I think Phyllo spent some time, and I chimed in, trying to show that objectively perfect is problematic. That things are perfect for someone. That it is inherently subjective, even if it is a universal subjective evaluation. Or, at least, it is not an easy thing to say what objective perfection means. Prismatic didn’t bite or question his own certainty. And that’s dealing with the argument he makes based on all his assumptions of what God must be like and so on. IOW even if we accept a lot of nonsense for the sake of his argument, his argument still has problems.
I have to look at my own reaction to posters like Prismatic, and others such as Iambiguous. Why do they trigger so much in me? And I think it is because they present such certainty as if it should be obvious to others. I don’t really have a problem with certainty. I am, certainly at times, quite certain of things. We more or less have to be to navigate reality. But it is another thing to press this certainty as words on a screen, as if you have accomplished a not refutable certainty here and others should see it. Now Iamb might find it odd to be categorized this way since he likely sees himself challenging certainty, but he makes the same arguments and also draws conclusions about others with great certainty himself. These are not the conclusions of his posts, but the means. When this is pointed out he also can never admit anything. And he presumes that one should be able to demonstrate all sorts of things via words on a screen that one cannot.

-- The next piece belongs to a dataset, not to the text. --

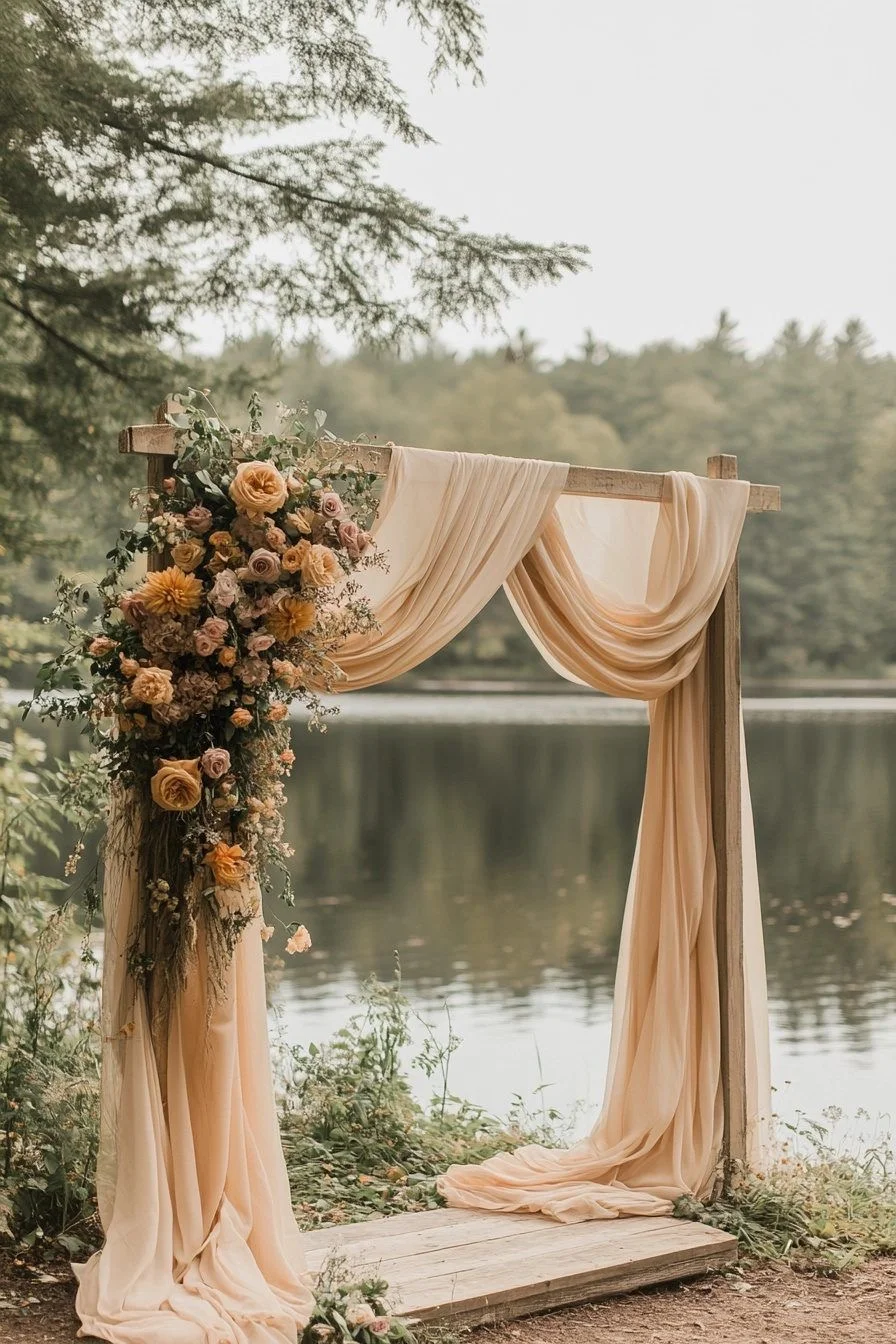 Lakefront ceremony arch with floral styling at Magnolia Fields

This kind of stubbornness and certainty spreading is, I think, part of the problem out there. Part of a larger closed mind. A kind of undermining, shaming smugness, and despite having so many scientists who adhere to this kind of attitude, is precisely unscientific. So, I can react with great vehemence to people who pull this kind of thing. After a while I tend to move to a meta-position in reaction to them, responding more to others around them, than to them directly. As a way of avoiding the ‘just around the next corner of the discussion’ seduction.
These voices create a static that delays a more open community discussion because they share a sense that words on a screen can settle much more than they really can. Both think that if you cannot demonstrate idea X via words on a computer screen, then believing in X is irrational. This belief that Iamb and Pris share is so hopelessly confused about the human situation, but it is an idea shared by corporations and technocrats and power brokers of all kinds (when it suits them to put forward this idea) and is, I think, causing a lot of damage in the world as it marginilizes all sorts of things as irrational and with great certainty.
It’s a bit like the bureaucratic mind when you come with a health problem or whatever that does not easily fit in their categories. These minds look at the papers and rules and your problem or experiences and reality does not exist. I do understand a bureaucrat who says: I am sorry, I can only do so much, you may be quite right, but I have my own job and needs to think of. But that openness is too much for them. Most will act as if you are hallucinating. It’s all you. As if their papers couldn’t possibly be limited or problematic.